» REQUIREMENT
From top to bottom, retype the data exactly, passing over any picture.

───── SUPPLIED RECORDS

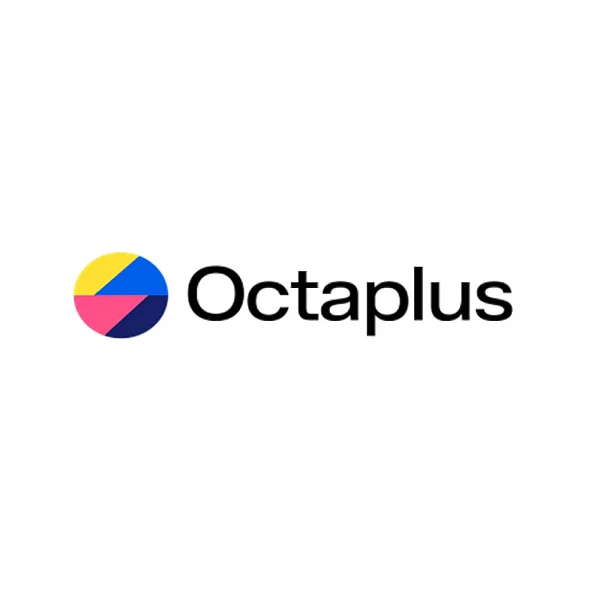 Octaplus 2024 UK broadband ISP
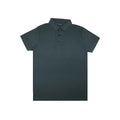 Mens Lycra Fabric Polo (A-3518)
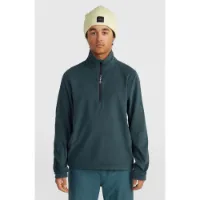 O'Neill Jack´s Polartec 100 Fleecejakke Med Halv Glidelås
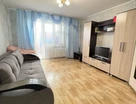 2-к. квартира, 51,8&nbsp;м²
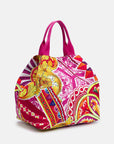MOD-011S5 - borse mare - ynot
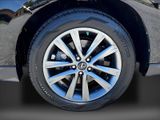 Used 2014 Lexus RX SUV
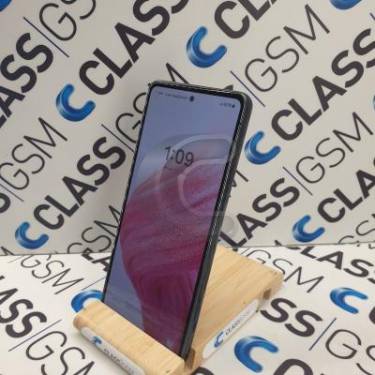 Samsung Galaxy A53 5G 6Gb/128Gb
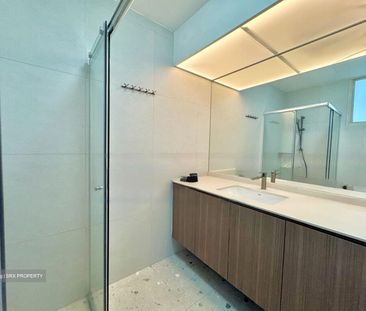 Northvale (D23), Apartment - For Rent - Photo 5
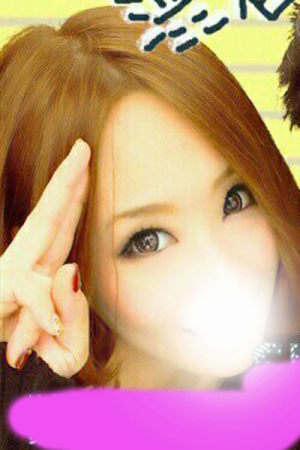 のどかのプロフィール写真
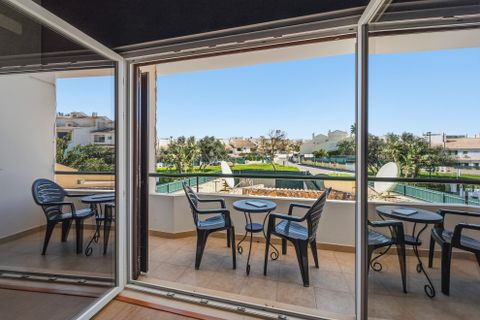 Stadthaus in Albufeira, Faro, Albufeira - € 660.000 | Ref: FC645GTZ - Foto 24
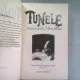 TUNELE - RODERICK GORDON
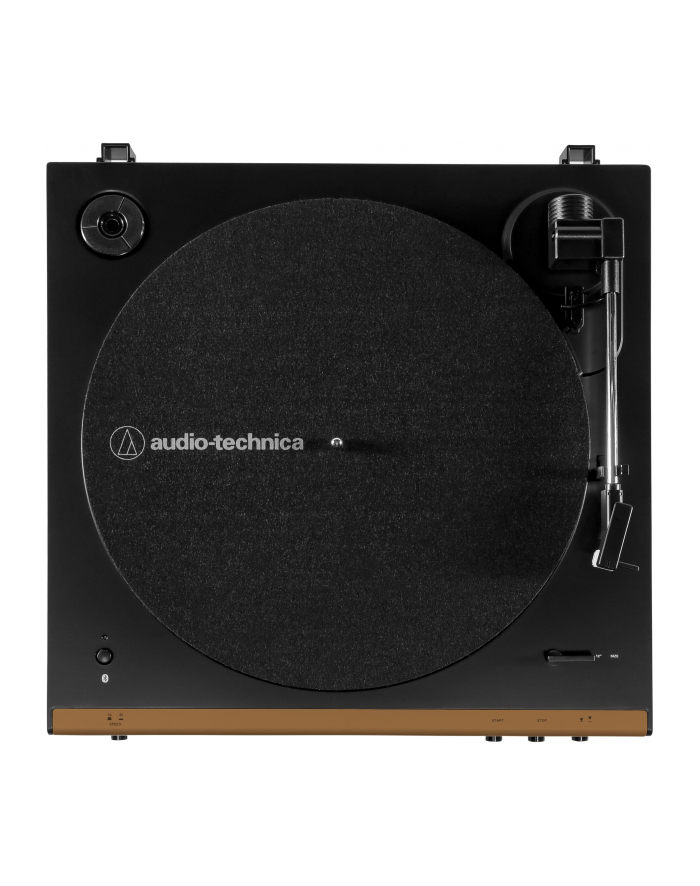 Audio-Technica AT-LP60XBT Brązowy główny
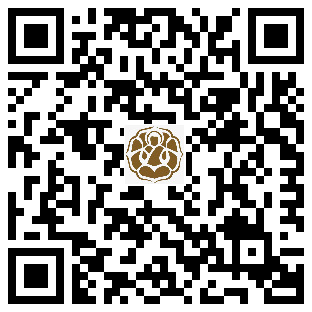 加载中...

──────────

» EXERCISE OUTPUT
 Octaplus 2024 UK broadband ISP
 Mens Lycra Fabric Polo (A-3518)
 O'Neill Jack´s Polartec 100 Fleecejakke Med Halv Glidelås
 2-к. квартира, 51,8&nbsp;м²
MOD-011S5 - borse mare - ynot
 Used 2014 Lexus RX SUV
 Samsung Galaxy A53 5G 6Gb/128Gb
 Northvale (D23), Apartment - For Rent - Photo 5
 のどかのプロフィール写真
 Stadthaus in Albufeira, Faro, Albufeira - € 660.000 | Ref: FC645GTZ - Foto 24
 TUNELE - RODERICK GORDON
 Audio-Technica AT-LP60XBT Brązowy główny
 加载中...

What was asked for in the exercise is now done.